For example, 85 (or 55%) of Marcial's 155 picks for 1999 trade on the Nasdaq and American stock exchanges and are predominantly small-cap tech stocks. The other 70 picks (45%) trade on the New York Stock Exchange. Calculating an expected rate of return for the Marcial picks for 1999 using the Nasdaq and the New York Stock Exchange Composite Indexes (weighted 55% Nasdaq and 45% NYSE Composite), these 155 stocks should have increased in price an average of 51%.

However, Business Week reports an increase of only 26% for Marcial's 1999 stock selections, a significant underperformance compared to the 51% expected rate of return if the correct benchmark indexes are taken into account.

Suddenly, Marcial's 1999 stock tips don't look so hot.

Something else to think about: nearly half these 1999 picks were priced under $15 per share; 33% (one-third) were priced below $10 per share.
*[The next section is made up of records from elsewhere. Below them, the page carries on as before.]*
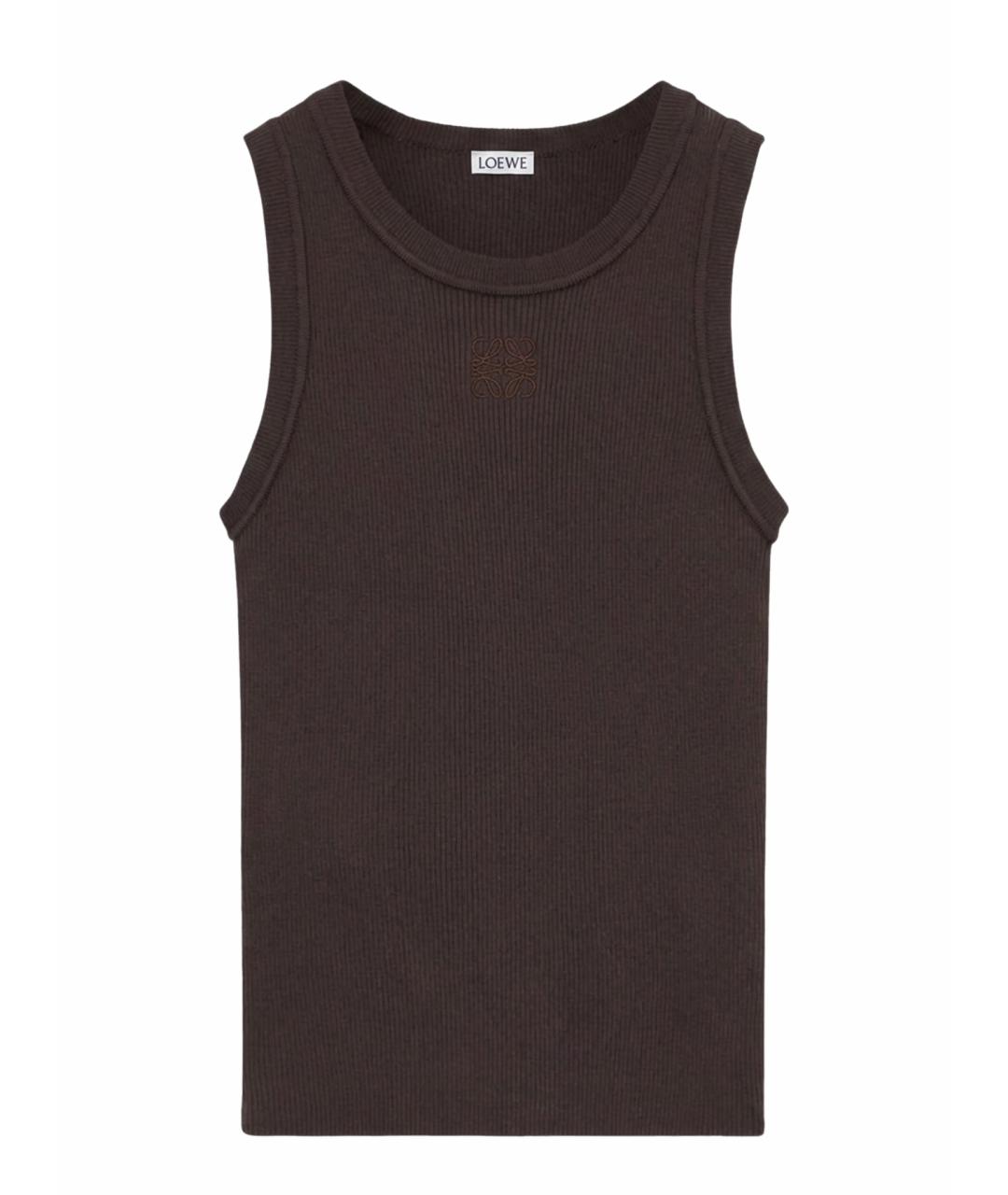 LOEWE Коричневая вискозная майка, фото 7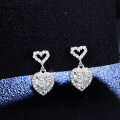 Metal Alloy Heart Four-Prong Stud Earrings with Moissanite and Tassels-0-1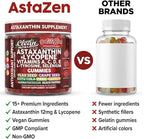 Clean Nutraceuticals AstaZen Astaxanthin Gummies 12mg - with Lycopene, Vitamins A C D E, L-Tyrosine & Selenium - Antioxidant Support Gummies - 60 Count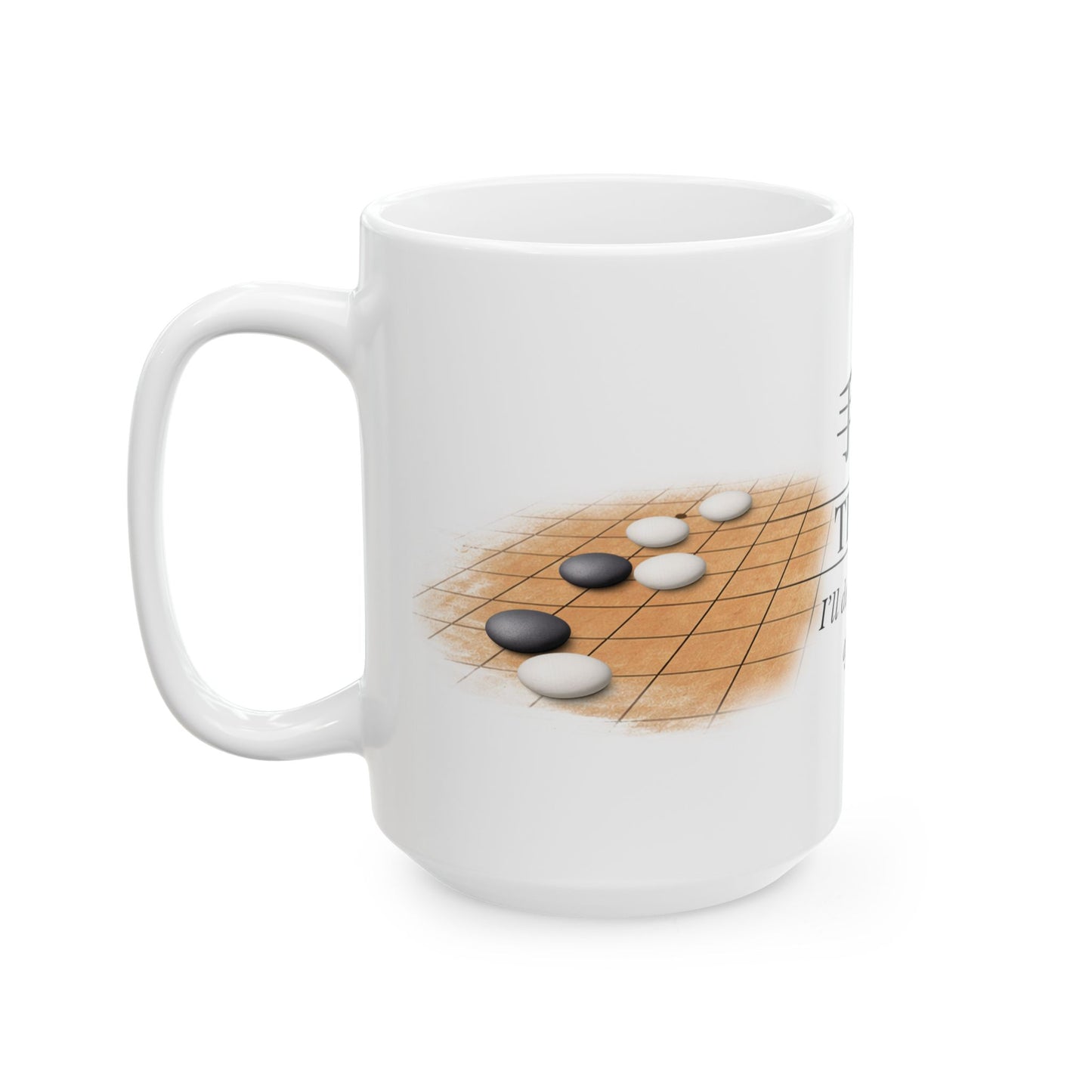 White mug with a design of Go stones on a wooden board.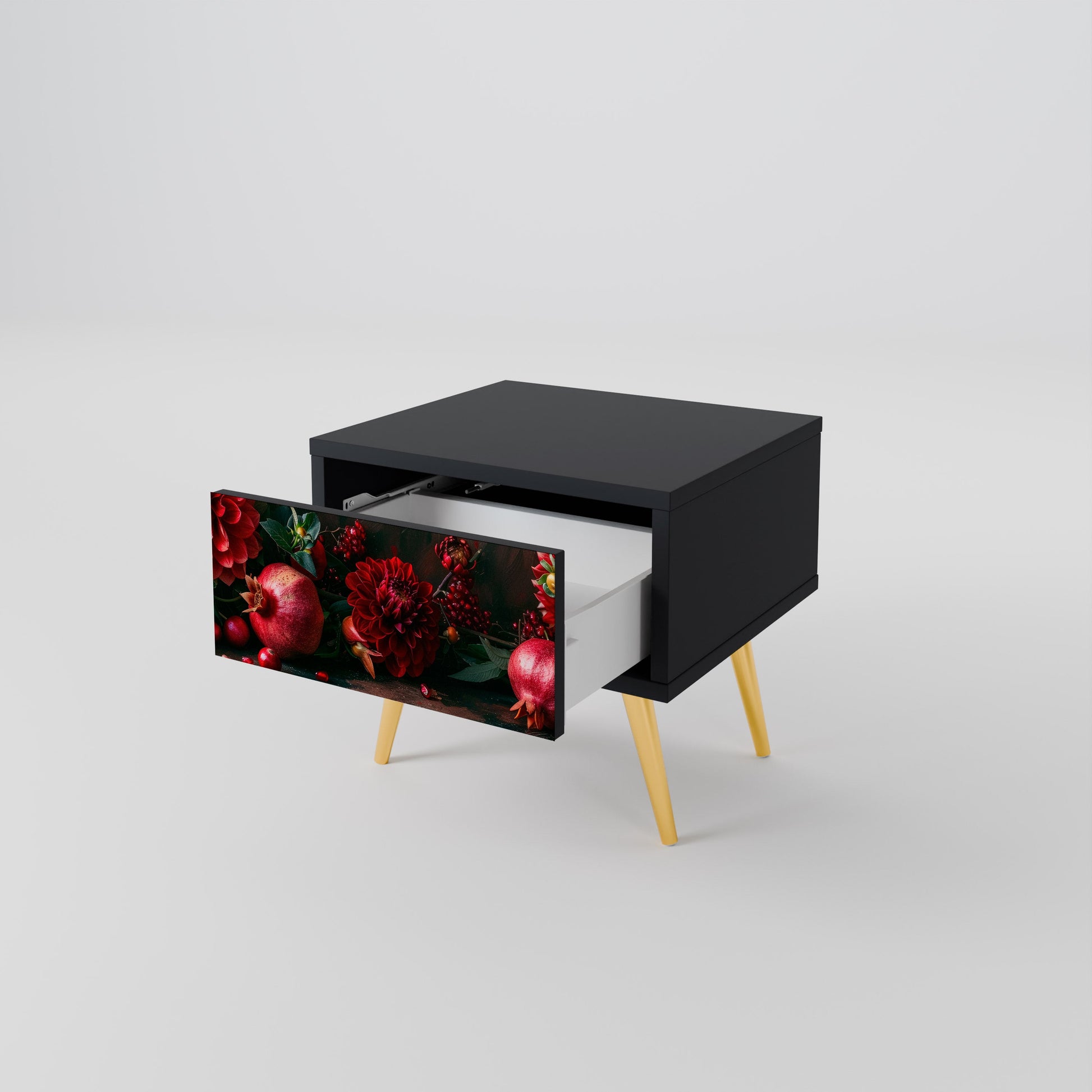 Table de chevet DAHLIAS ET GRENADES en finition noire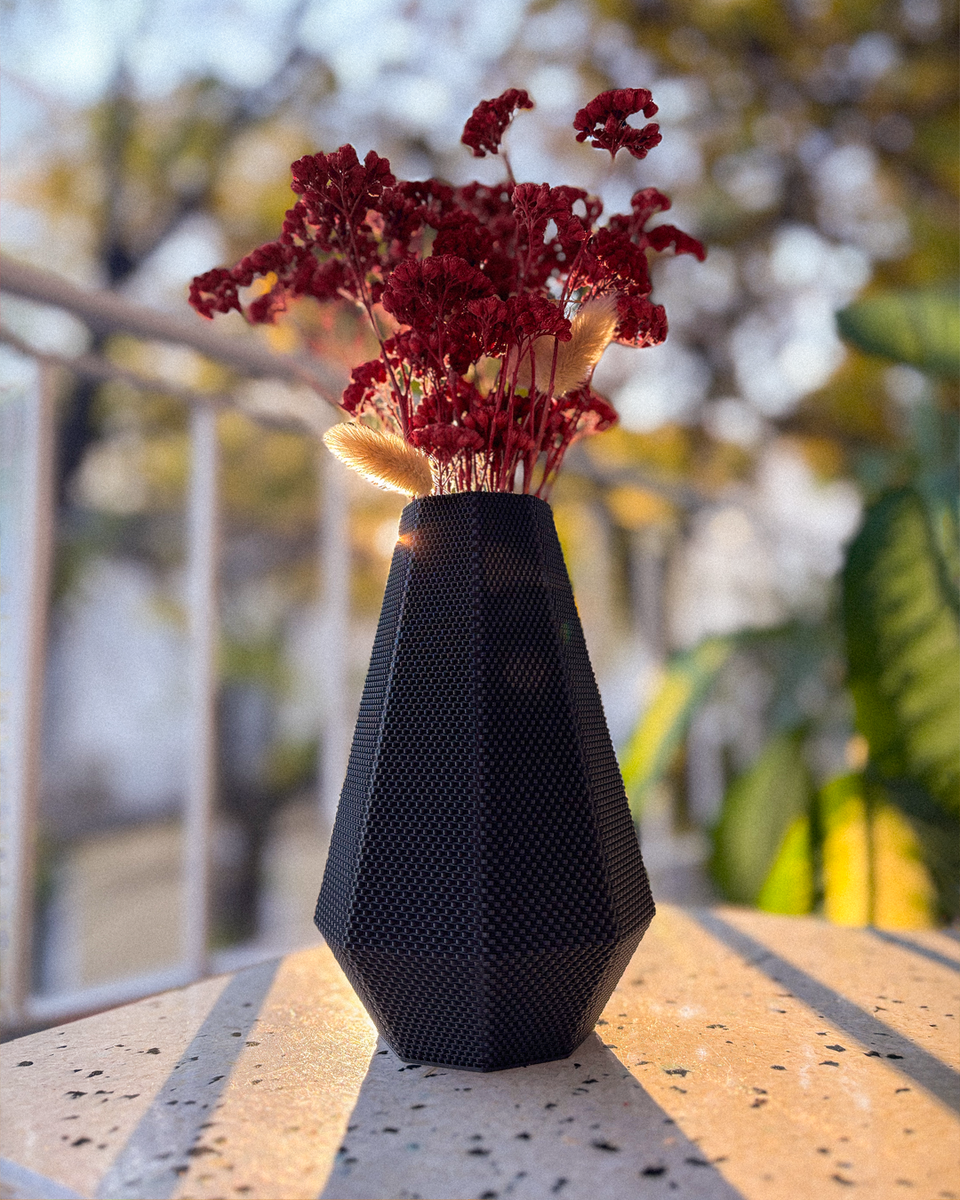 Faceted Flower Vase, 3D Printed Textured Home Decor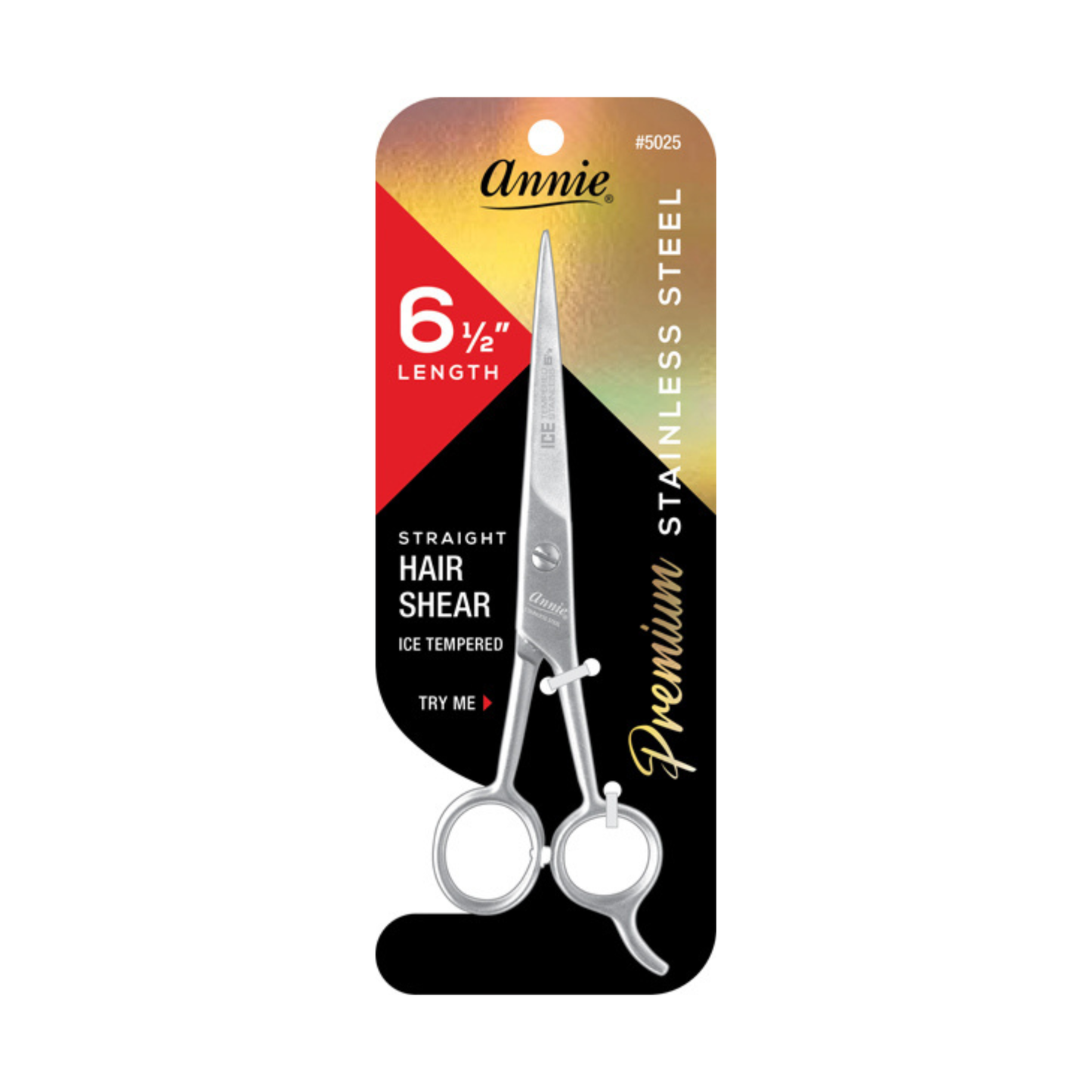 Annie Ice Tempered Stainless Steel Hair Shears 6.5 Inch, 1 Count, Silver Annie International, Inc.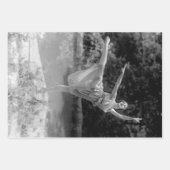 Vintage Schwarz-Weiß-Decoupage Ballerina Geschenkpapier Set (Vorderseite)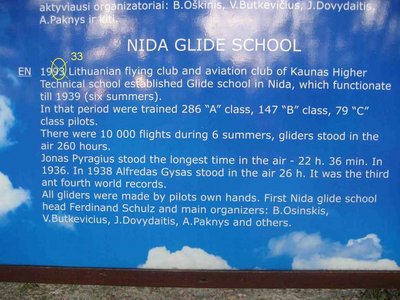 в 1933 году - открытие планерной школы в Ниде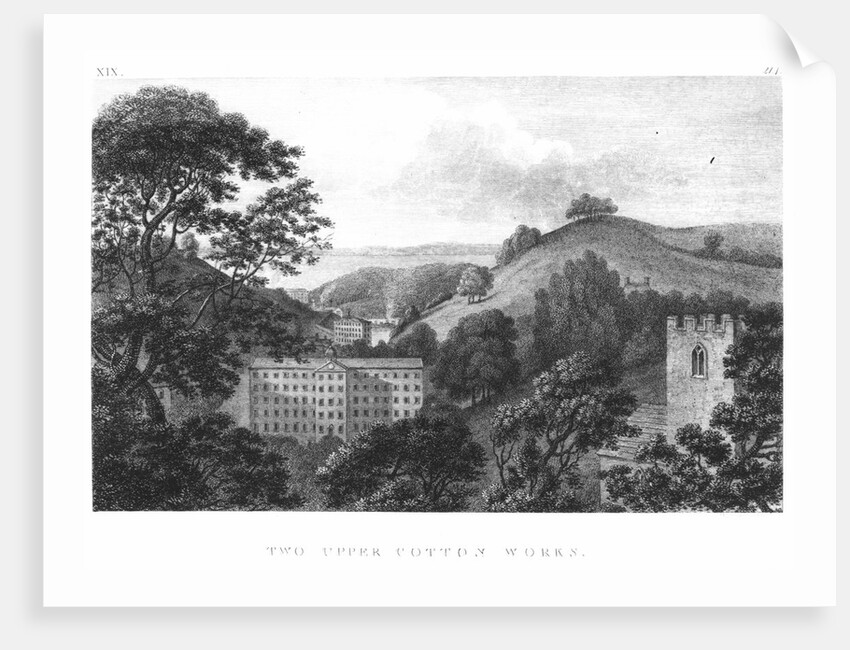 Two Upper Cotton Works, New Lanark Textile mills, 1796 by English School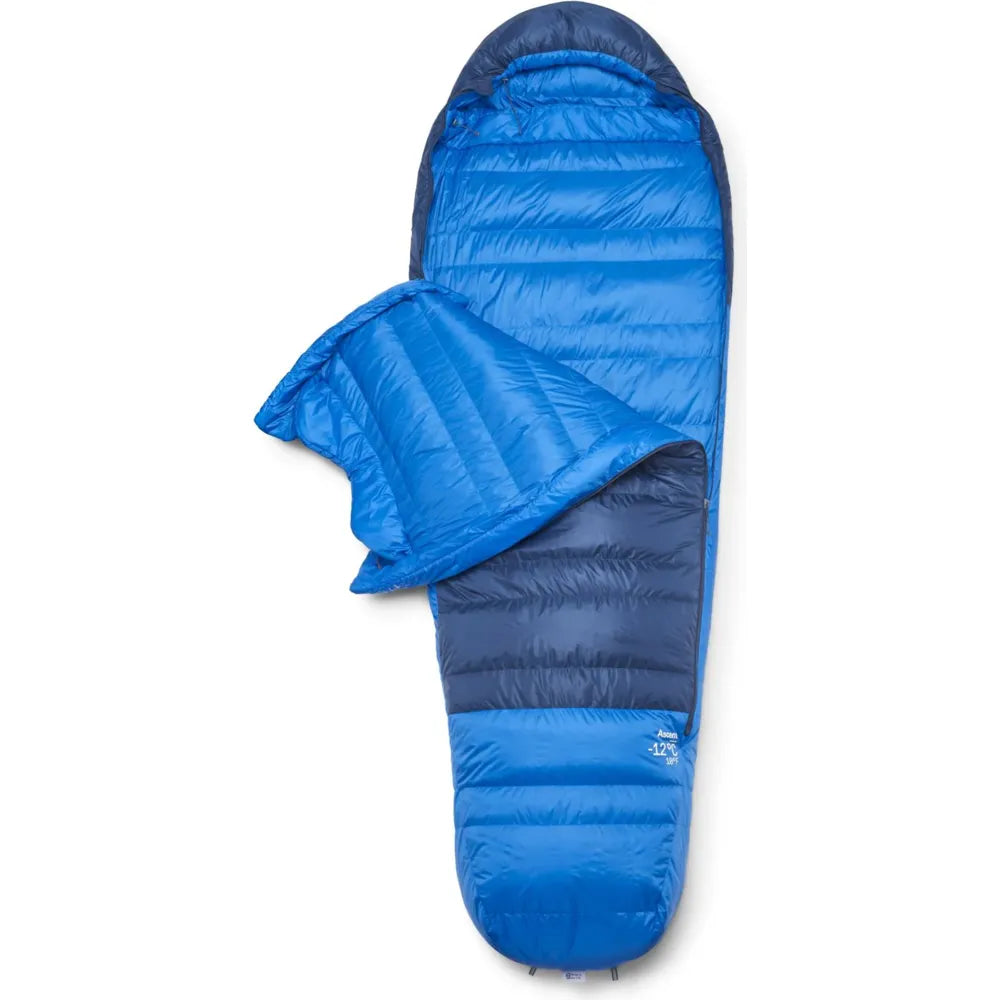 Rab Ascent -12 sleeping bag blue open view showing inner lining and insulation structure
Low-priced stocks (especially shares priced under $10) are often considered "penny stocks" and carry heavy risk and are volatile (they move up and down in price a lot, creating churning stomachs for long-term investors). "Beta" (a measure of volatility for a stock's price, anything above the number 1.50 is considered super-volatile) was examined for Marcial's picks showing 18% with Beta measurements above 1.50. Another 12% of his picks have "N/A" listed in the Beta column, which often means the Beta number is so astronomically high (it approaches infinity), it isn't listed. In down-to-earth practical terms, this means an investor can wake up thinking he owns a stock worth $15 and after just one day of wild trading, the stock can shoot up (or down) huge percentages of 50% or more, settling at $29 (or $1).

In rethinking the Business Week article, why would an investor buy Marcial's stock tips? Hot stock tips usually burn the investor over the long haul. Consider buying an index fund based on the underlying benchmark index (such as the Nasdaq or NYSE composite indexes) for good, long-term price performance without the heavy burden of risk from over-hyped stock tips.